Lamanna B*, Vinciguerra M, Crupano FM, Cicinelli R, Cicinelli E and Vimercati A

Department of Biomedical Sciences and Human Oncology, Bari, Italy

*Address for Correspondence: Bruno Lamanna, Department of Biomedical Sciences and Human Oncology, Bari, Italy, Email: lamannabruno@gmail.com

Peripartum cardiomyopathy (PPCM) is a relatively rare cardiac disease that manifests in the final stage of pregnancy and in the first months after delivery in women with no preexisting heart disease. Many etiological processes have been suggested: viral myocarditis, abnormal immune response to pregnancy, excessive prolactin excretion, prolonged tocolysis and a familiar predisposition to PPCM. Its diagnosis is often delayed because its symptoms, which include fatigue, dyspnea and palpitations are nonspecific. For this reason the diagnosis of PPCM is still made by exclusion of other etiologies. The long-term prognosis, once the acute phase is over, is a function of myocardial damage, this varies from complete functional recovery to chronic HF. The outcome of PPCM is highly variable with an alevated risk of fetomaternal morbidity and mortality. We report a serious case of a 40 years old female with biamniotic bicorionic twin pregnancy (PMA) who delivered by caesarean section and developed acute PPCM on post-operative. Symptoms occurred two hours after an intramuscular injection of two vials of methylergonovine the same day of cesarean delivery. These manifested in sudden tachypnoe, tachycardia and the appearance itchy maculopapular rash on her chest. On further evaluation, ECHO revealed cardiomegaly with reduced ejection fraction (< 15%). The case was successfully managed by a multidisciplinary team, using drugs like levosimendan and cabergoline, which rapresent emerging strategy in this clinical context.

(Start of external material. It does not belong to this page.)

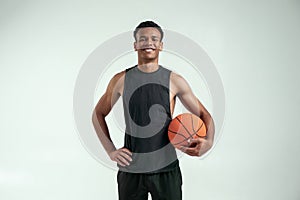 Cheerful player. Handsome young african man in sport clothing carrying a basketball ball and looking at camera with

Peripartum cardiomyopathy (PPCM) is an idiopathic cardiomyopathy conferred with heart failure secondary to left ventricular (LV) systolic dysfunction near the end of a pregnancy or during the months following delivery. Many etiological processes have been suggested: viral myocarditis, abnormal immune response to pregnancy, excessive prolactin excretion [1] and prolonged tocolysis. A familiar predisposition to PPCM has also been reported [2]. The disorder carries a high mortality rate [3-5]. Its diagnosis is made by exclusion of any other cause of heart failure combined with the LVEF almost reduced to below 45% but not consistently associated with LV dilatation. The estimated incidence of PPCM shows strong differences on a territorial basis: in Europe and in the US it is associated with one in every 3000 to 4000 live births. The distinctly higher incidence rates in Haitian and South African women (up to 1: 300) suggest that genetic or environmental factors may play a role in the pathogenesis of the disease. However, the etiology of the PPCM is still obscure [6,7].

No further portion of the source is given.